● Goal of the exercise: Beginning with the line that holds "Used 2022 Chevrolet", write out each line exactly as it stands until the end of the data, and include no pictures.

● Data for this task:
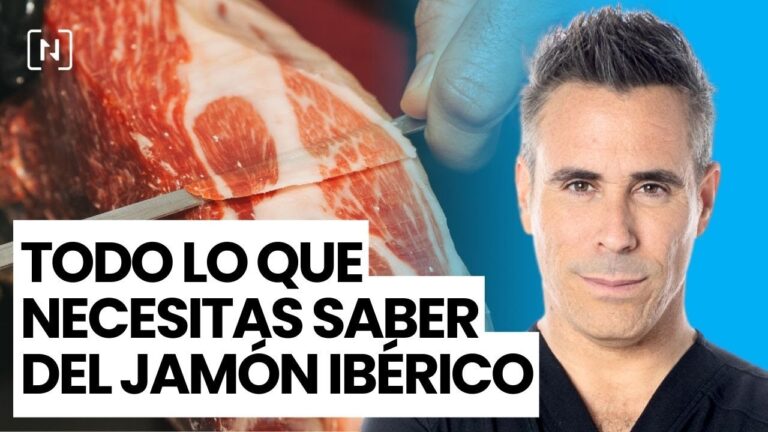 cuantas calorias tiene el jamon iberico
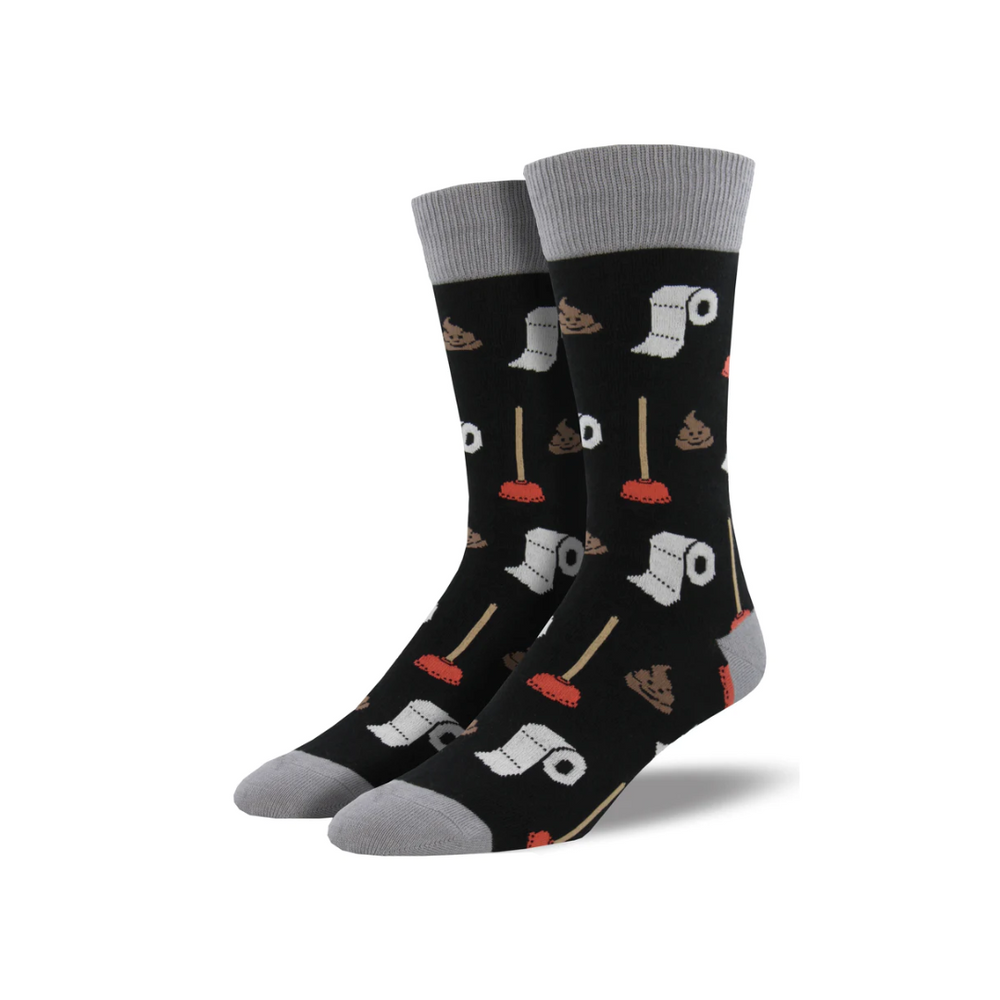 Socksmith Potty Party - Black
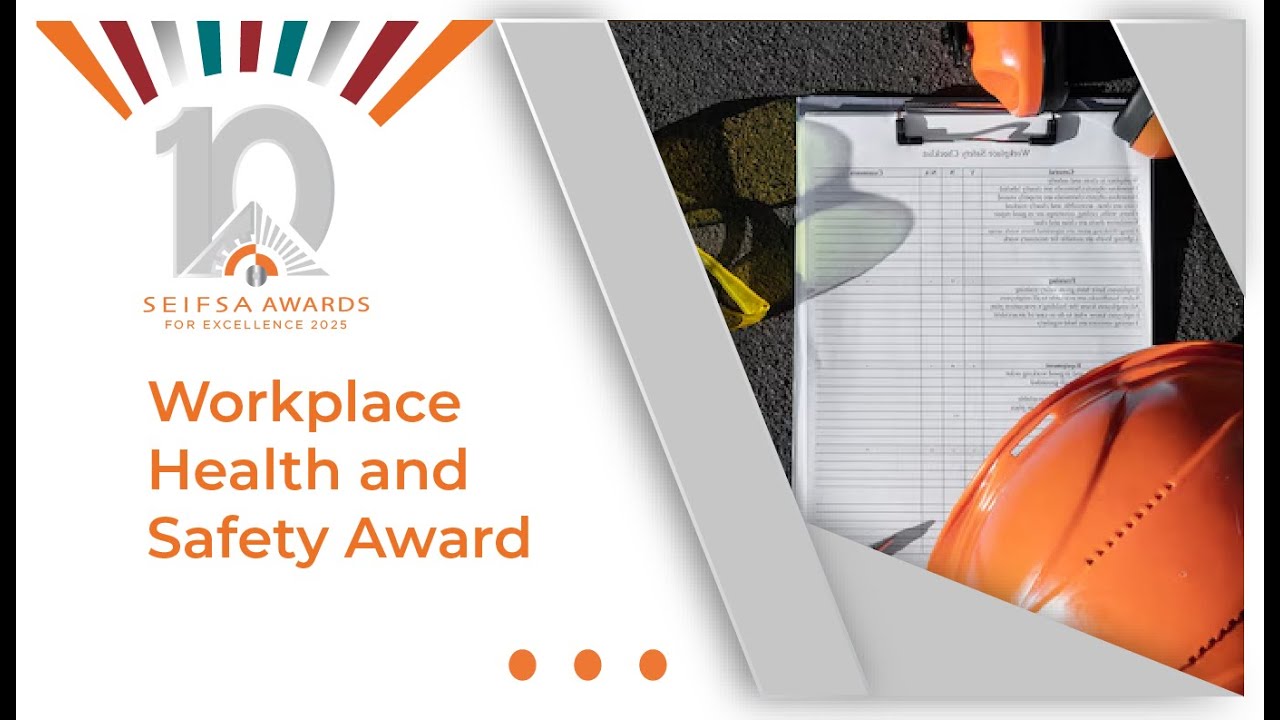 Workplace Health and Safety Award | SEIFSA Awards for Excellence 2025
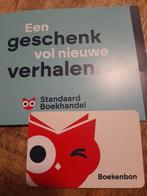 Boekenbon de standaard 35 euro. Geldig tot 1/11/2026, Ophalen, Zo goed als nieuw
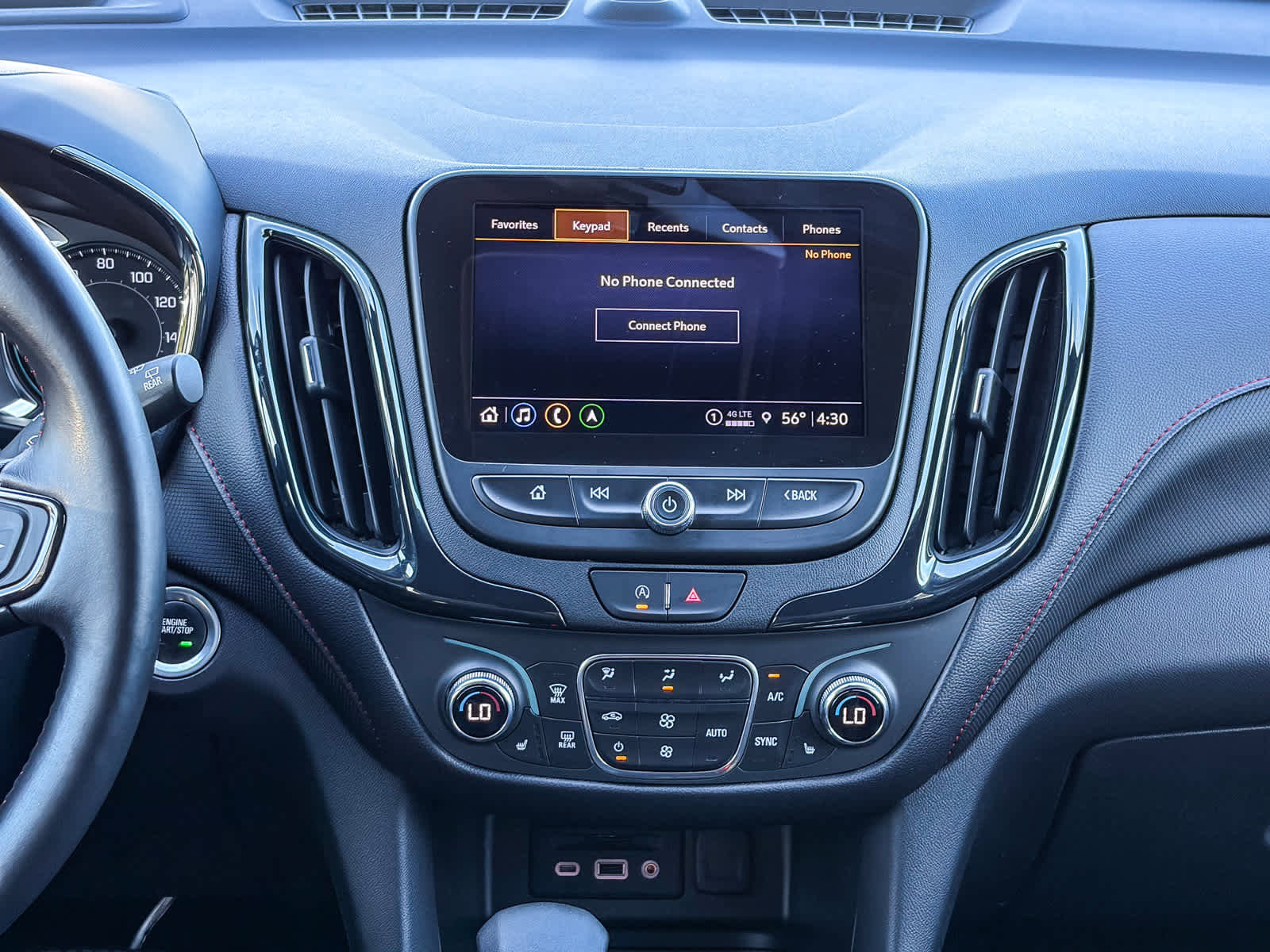 Used 2022 Chevrolet Equinox RS w/ Infotainment Package image 12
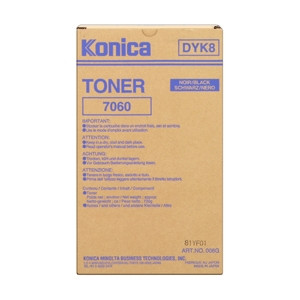 Minolta Konica 7060 (006G / DYK8) toner (d'origine) - noir 006G 072594 - 1
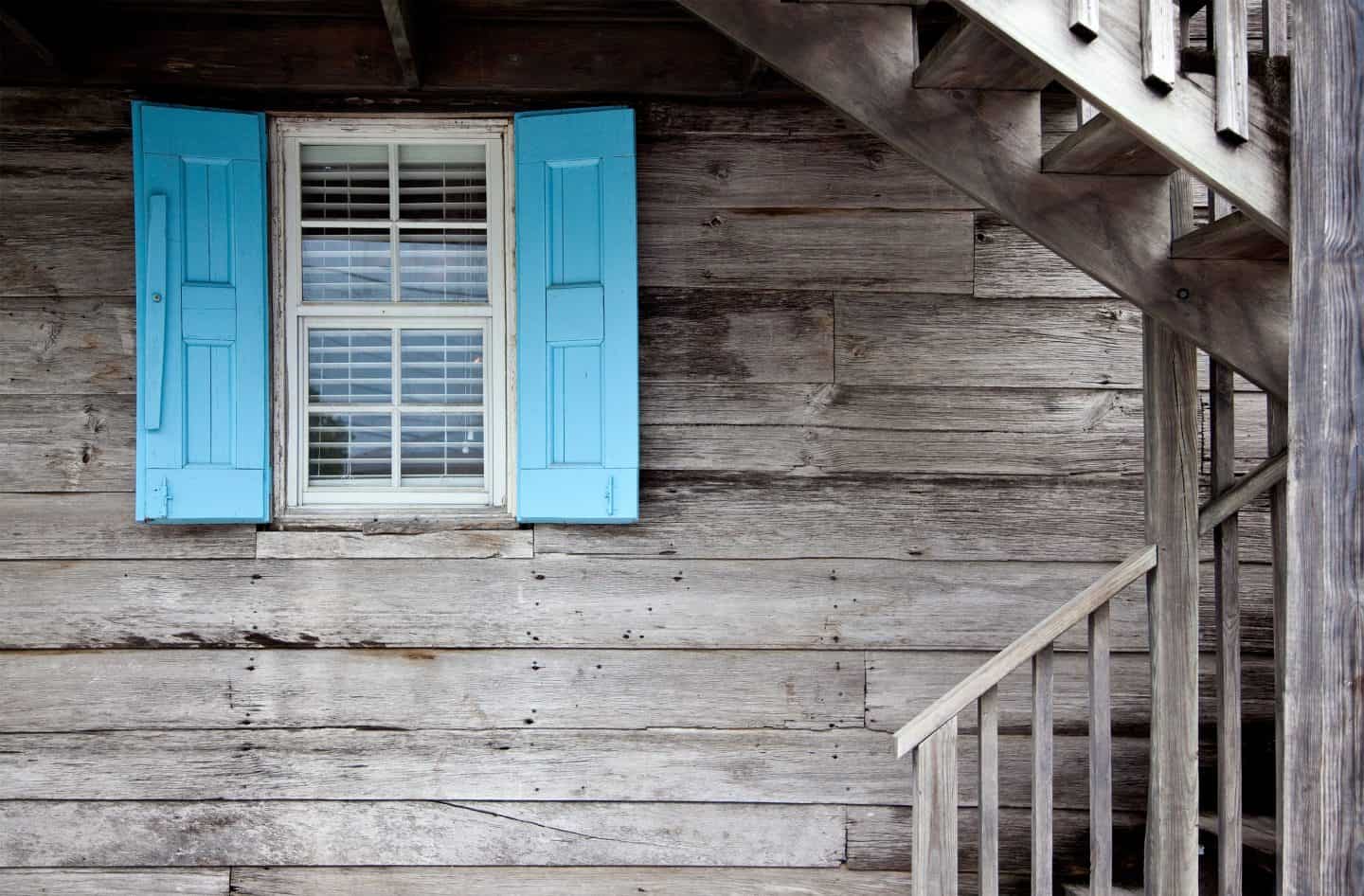 painted cabin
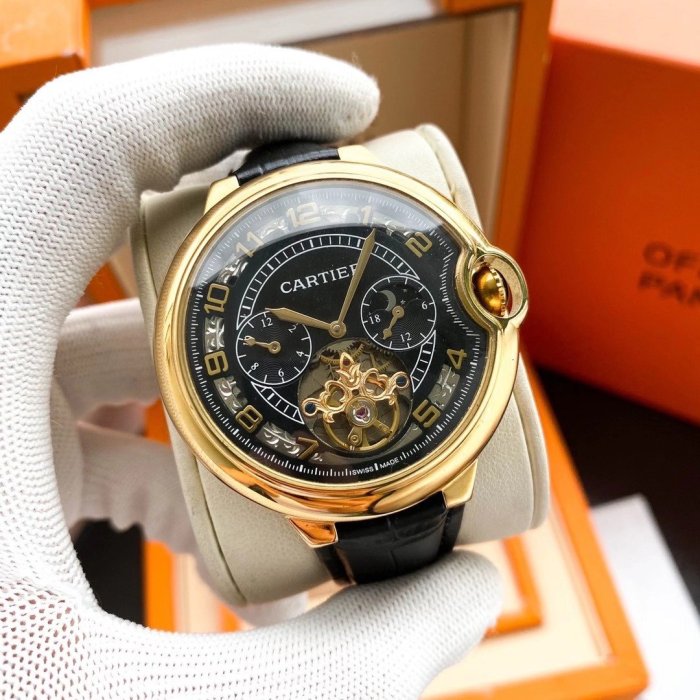 Cartier SA Watch Luxury Brand Design Fashion Type with Original Box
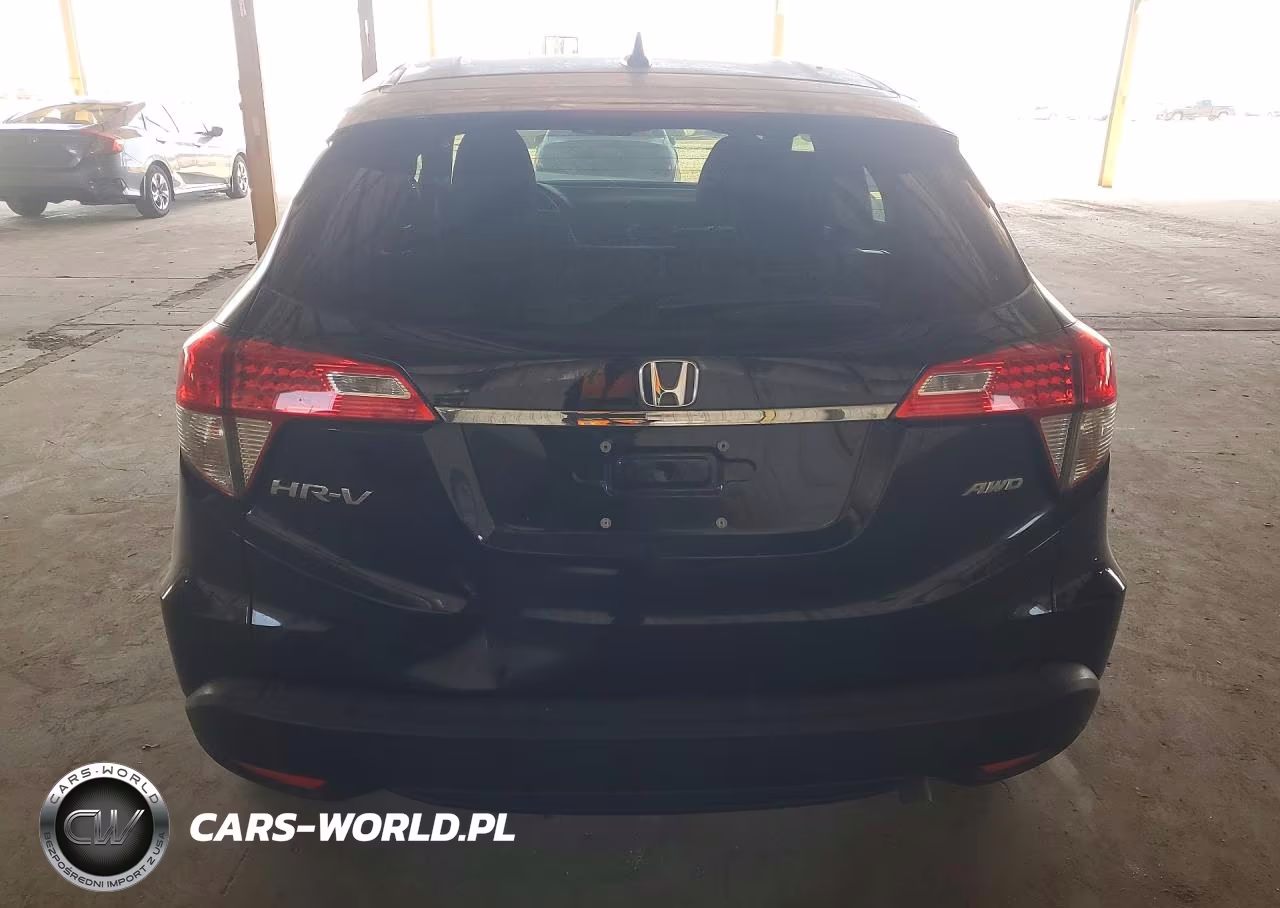 2021 Honda Hr-V Lx VIN:3CZRU6H39MM711822 - 6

● Your solution:
 Used 2022 Chevrolet Equinox RS w/ Infotainment Package image 12
 Minolta Konica 7060 (006G / DYK8) toner (d'origine) - noir 006G 072594 - 1
 painted cabin
 Cartier SA Watch Luxury Brand Design Fashion Type with Original Box
 2021 Honda Hr-V Lx VIN:3CZRU6H39MM711822 - 6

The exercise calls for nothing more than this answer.